Senior Biden administration officials said late Wednesday that the meeting lasted over two hours. One senior administration official said that Mexico “came prepared to share a plan with us on how they were taking the work that they are already doing” to help stem the flow of migrants into the border.

“We have seen in recent days a pretty significant reduction in in border crossings,” one of the officiasl said. “So again, this is not something that the U.S. and Mexico will be able to address on or off on their own. So I would say the majority of our conversation actually focused on work that we’re doing together in the region.”

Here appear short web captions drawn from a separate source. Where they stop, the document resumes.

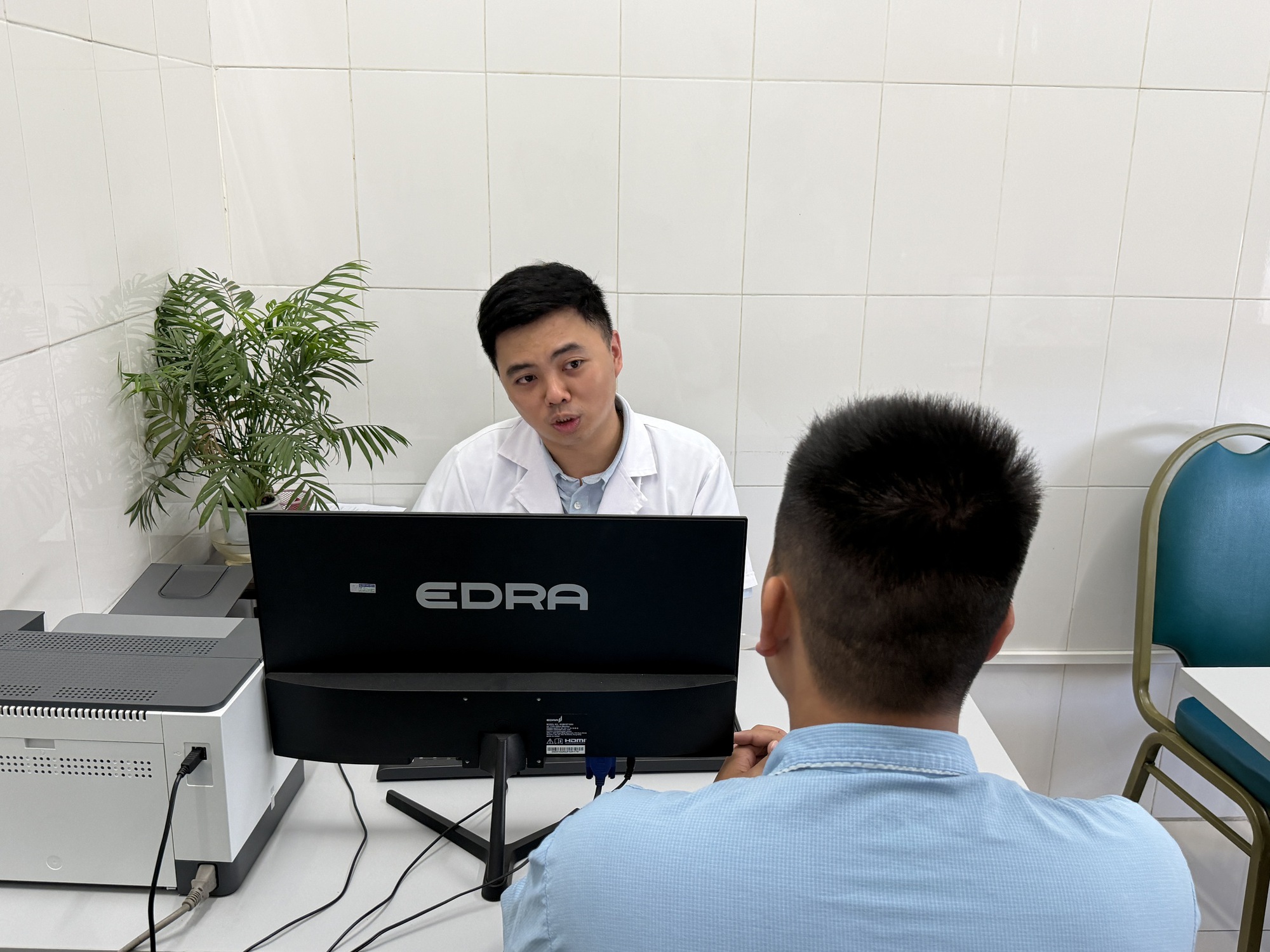 Nam công nhân ám ảnh bệnh nặng, nhập viện vì rối loạn lo âu - Ảnh 1.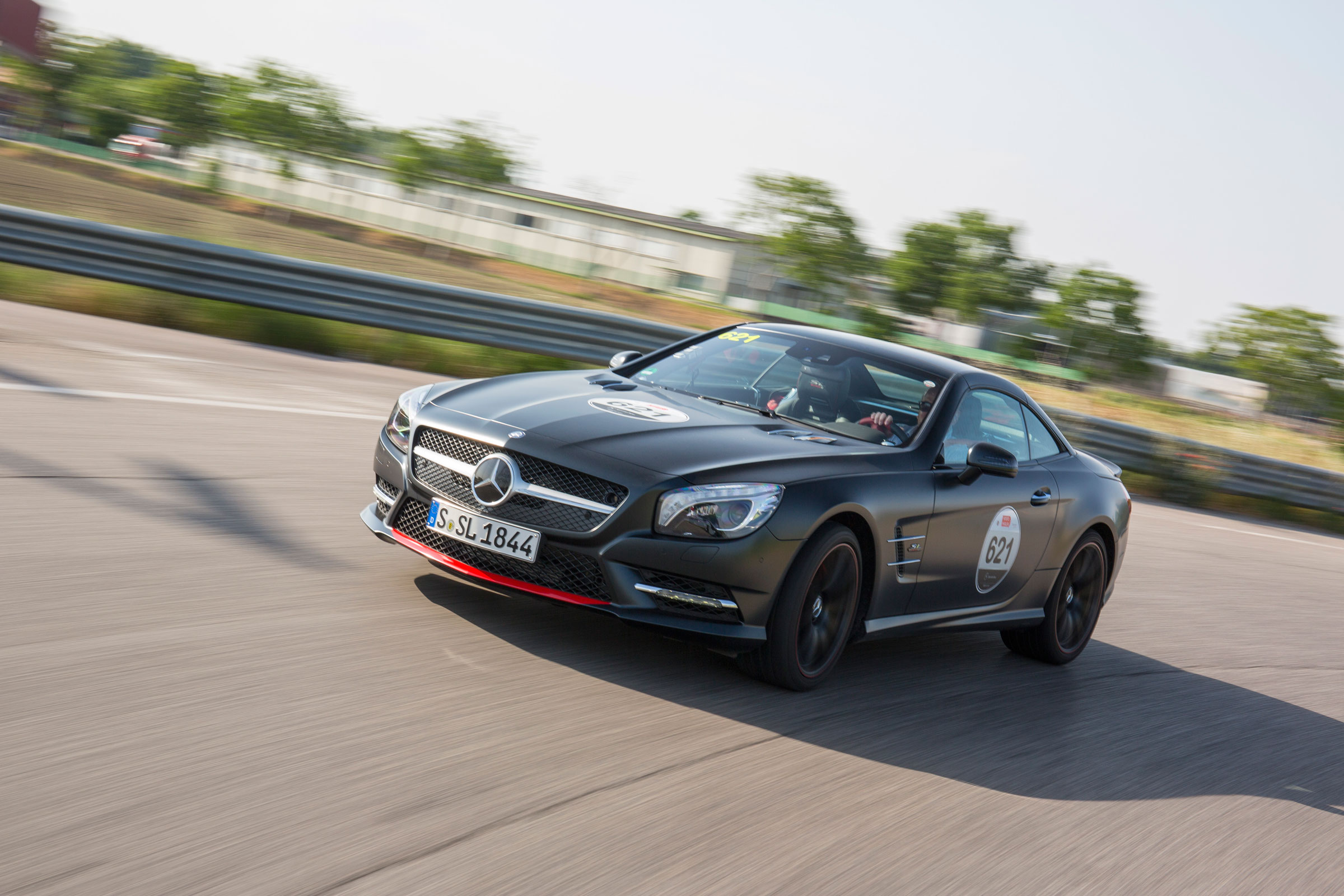 Mercedes SL Mille Miglia 417 - front 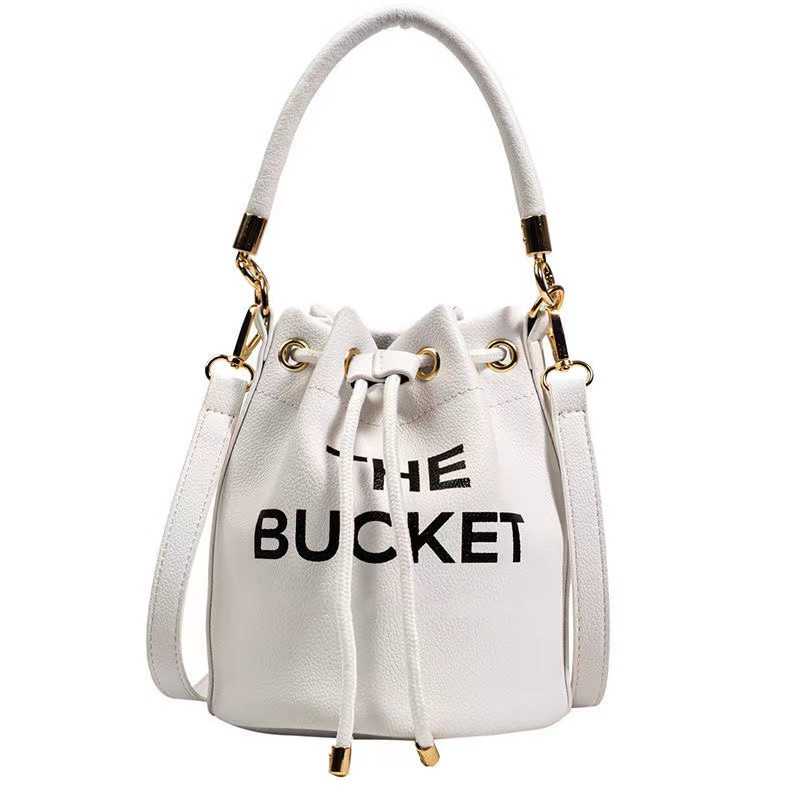 The Bucket Bag Women Shoulder Handbags The Tote Bags Designer Fashion Famous Cross Body High Quality with Whol, Red
The Bucket Bag Women Shoulder Handbags The Tote Bags Designer Fashion Famous Cross Body High Quality with Whol, Red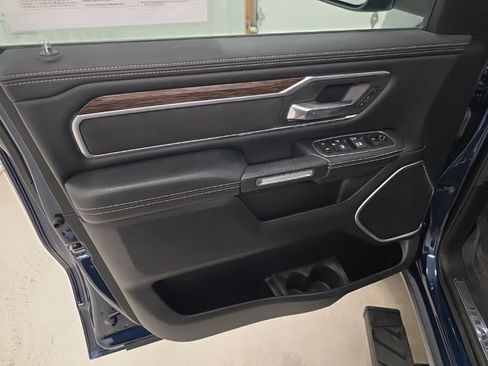 Used 2020 RAM 1500 Laramie AWD/4WD image 12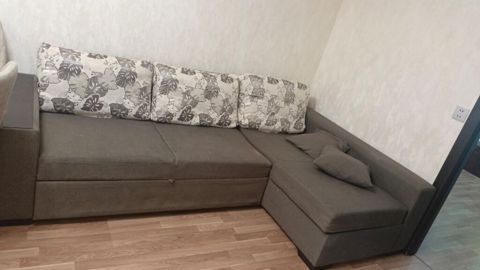 Divan 110₼. Açılır bazası var.Ünvan 7 ci mkr. 1599. Fatimə99 E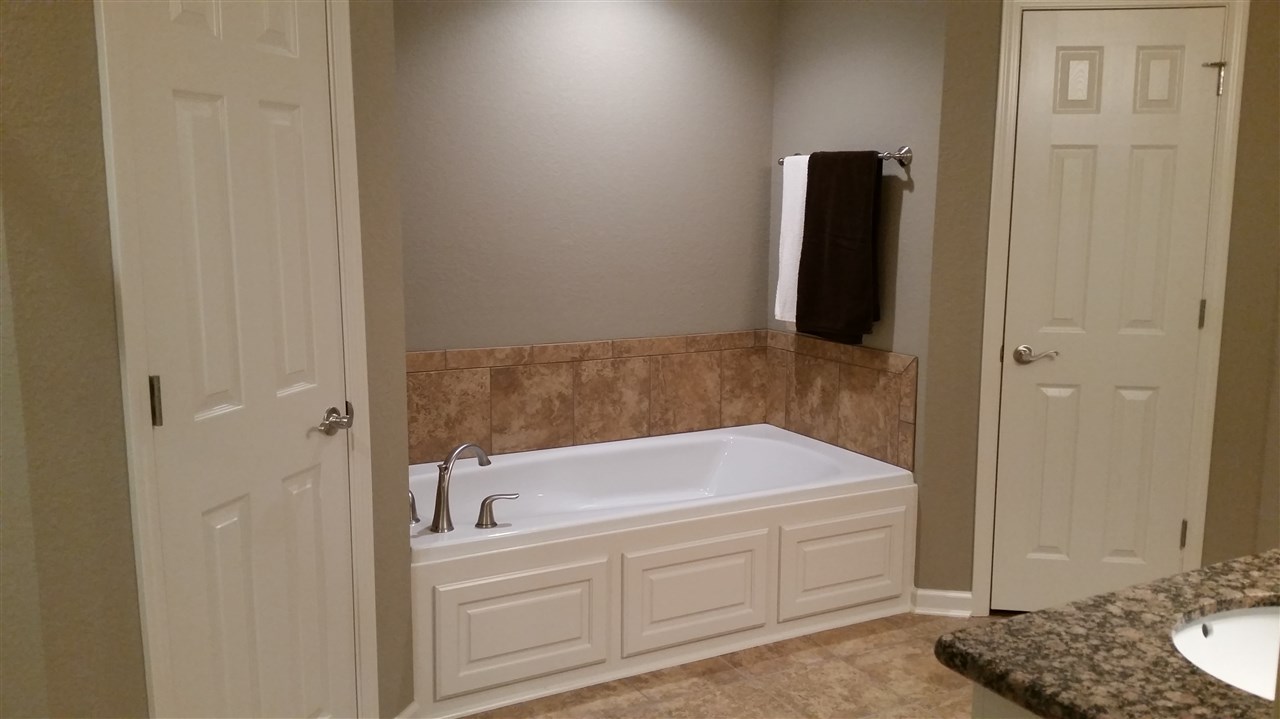 SOUTHWIND ESTATES - Residential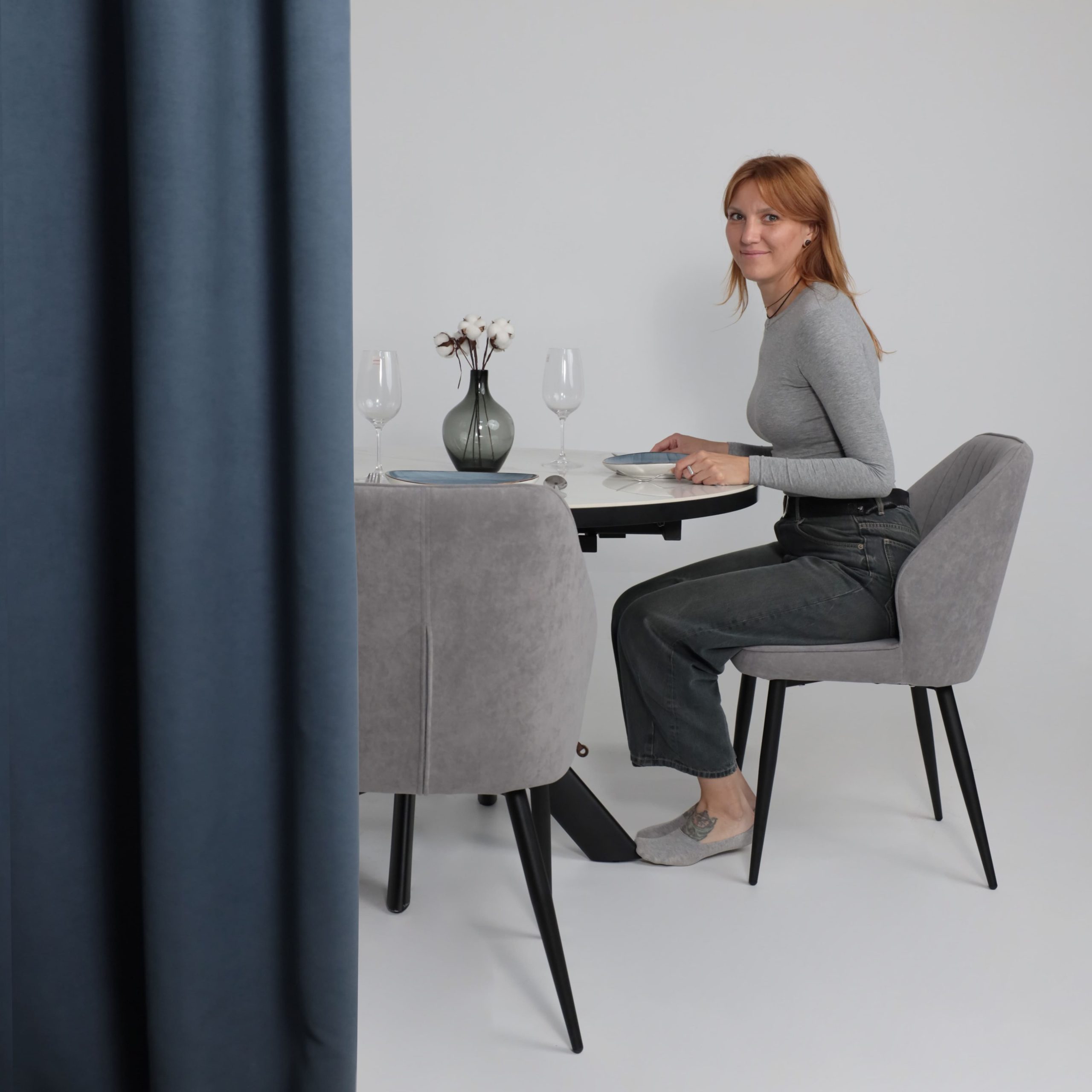 Стол RONALDO-120, круглый раздвижной 120(160), PATAGONOA BIANCO GLOSS PREMIUM CER/Черный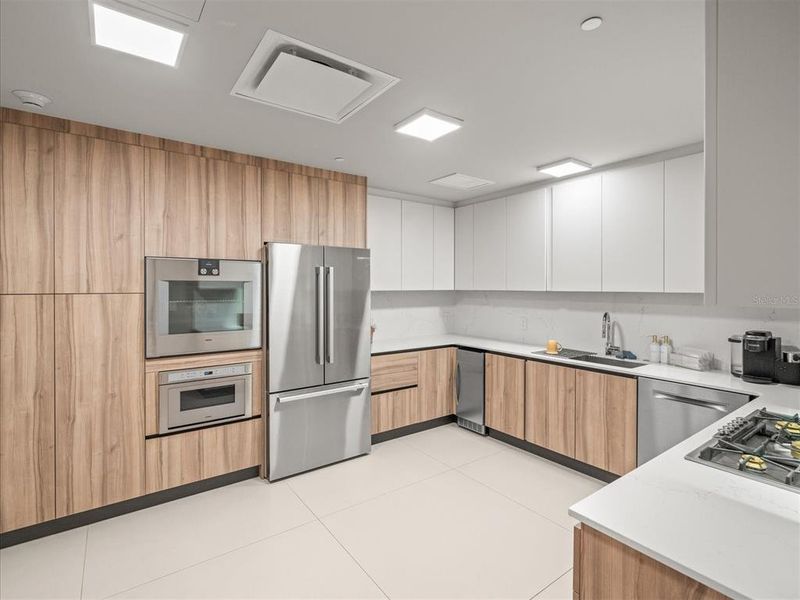 Furnished interior view inside a new home in , Clearwater (Image 10).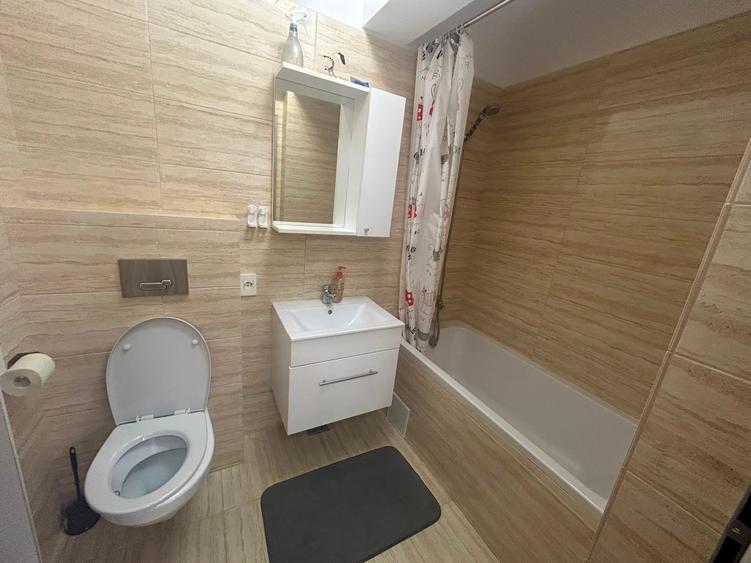 Apartament cu 2 camere semidecomandat în Berceni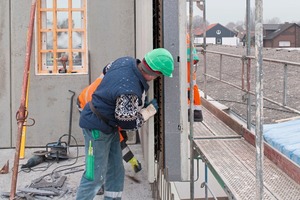  On the construction site the core-insulated element walls are placed in a staggered pattern 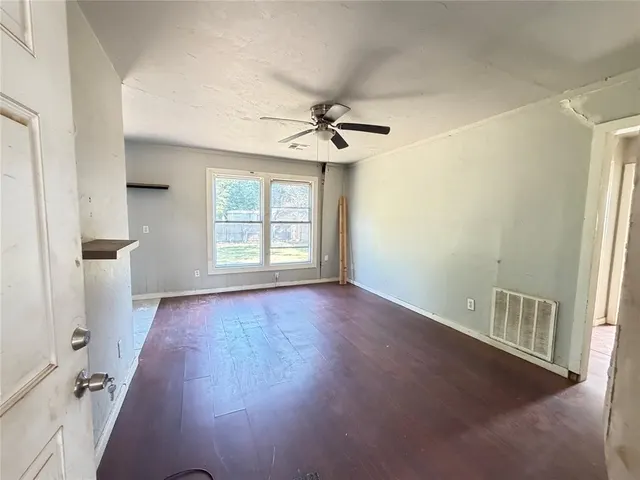 Photo 2 — 1405 NW 94th Street, Oklahoma City, OK 73114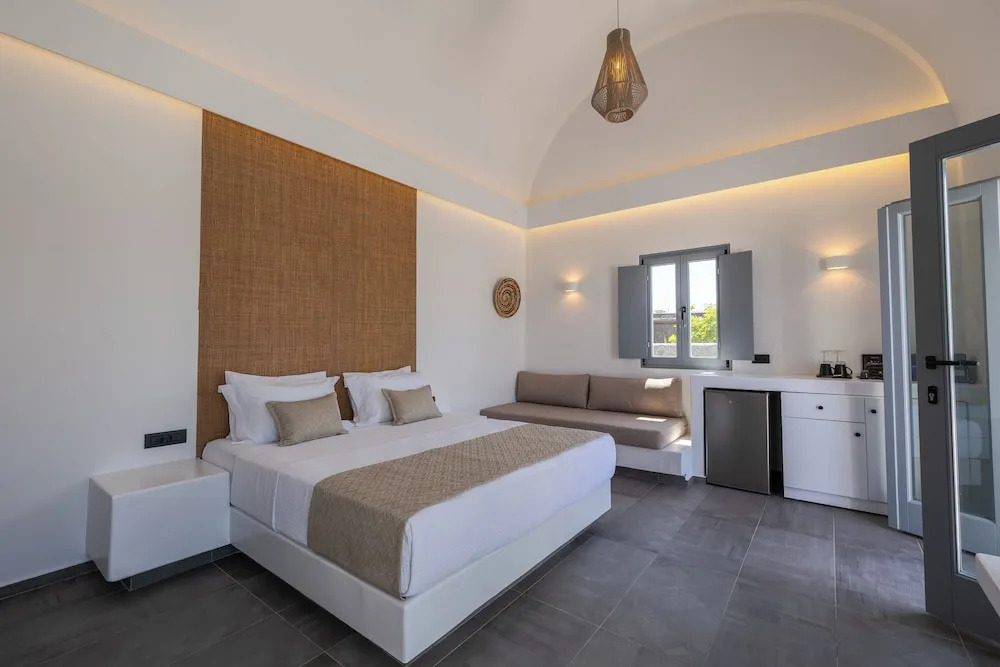 Bonsai Luxury Suites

The senior administration officials said Mexico agreed on the need to crack down on smuggling.

They also said Blinken and López Obrador discussed “legal pathways” for migrants, which one official described as one of the “strong intersecting interests between President Biden and President López Obrador.”

The meeting came as mayors of New York, Chicago and Denver said Wednesday that they have no more capacity for migrant arrivals, as Texas Gov. Greg Abbott has continued to send migrants to those cities.

Chicago Mayor Brandon Johnson said Wednesday that all three cities “have reached a point where we are either close to capacity, or nearly out of room.”

“Without significant intervention from the federal government, this mission will not be sustained,” Johnson said.

The White House said last week that Mr. Biden spoke to López Obrador about “ongoing efforts to manage migratory flows in the Western Hemisphere.” The two leaders “agreed that additional enforcement actions are urgently needed so that key ports of entry can be reopened across our shared border,” the White House said.

The visit comes after Border Patrol processed nearly 50,000 migrants who entered the U.S. illegally in just five days last week. In November, Border Patrol agents apprehended more than 191,000 migrants who crossed the U.S.-Mexico border unlawfully. This month, as many as 10,000 migrants were apprehended daily at the southern border.

Mexico’s president said last week he’s willing to help address the issue, but he wants the U.S. to provide more aid to the region and ease sanctions Cuba and Venezuela.

“We have always talked about addressing the causes [of migration]. The ideal thing is to help poor countries,” López Obrador said, according to the Associated Press.

In the U.S., Congress has debated border policy changes for weeks as part of a larger package including assistance to Ukraine and Israel. To convince Republicans — who want harsher border security measures — to support more foreign aid, Democrats are considering drastic limits on asylum and increased deportations.